**TASK**:
Would you transcribe the entries below, beginning at the line with "Sildì 30 Soft" and ending after the line with "Deuter Utilion 34+5", exactly, with no picture and nothing more?

[[ EXTRACTED MATERIAL open ]]

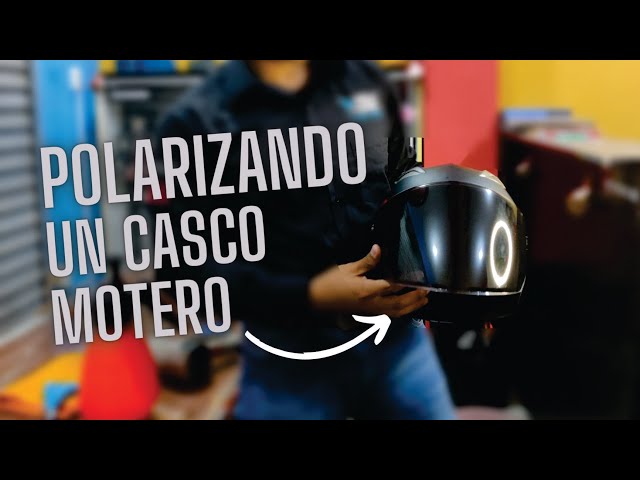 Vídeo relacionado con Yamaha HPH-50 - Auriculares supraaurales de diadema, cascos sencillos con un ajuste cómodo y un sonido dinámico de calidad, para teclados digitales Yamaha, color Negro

[[ EXTRACTED MATERIAL closed ]]
[[ EXTRACTED MATERIAL open ]]

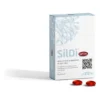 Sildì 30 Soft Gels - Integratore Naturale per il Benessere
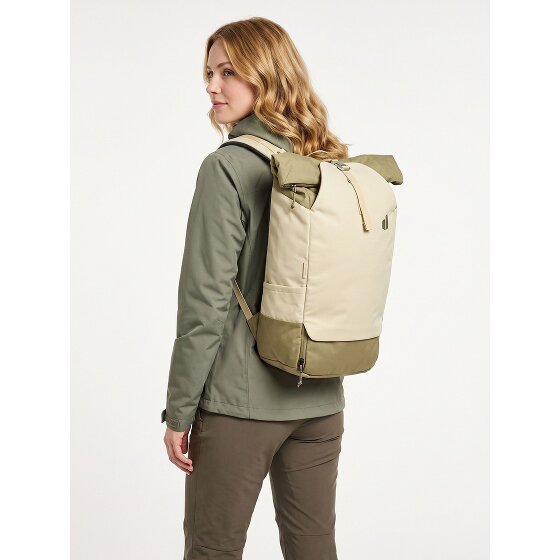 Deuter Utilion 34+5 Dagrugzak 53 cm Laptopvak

[[ EXTRACTED MATERIAL closed ]]
[[ EXTRACTED MATERIAL open ]]

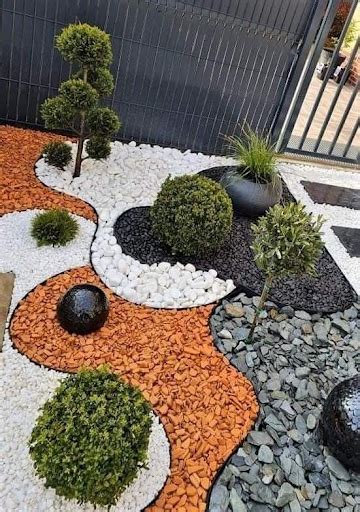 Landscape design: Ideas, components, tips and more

[[ EXTRACTED MATERIAL closed ]]

**EXERCISE RESPONSE**:
 Sildì 30 Soft Gels - Integratore Naturale per il Benessere
 Deuter Utilion 34+5 Dagrugzak 53 cm Laptopvak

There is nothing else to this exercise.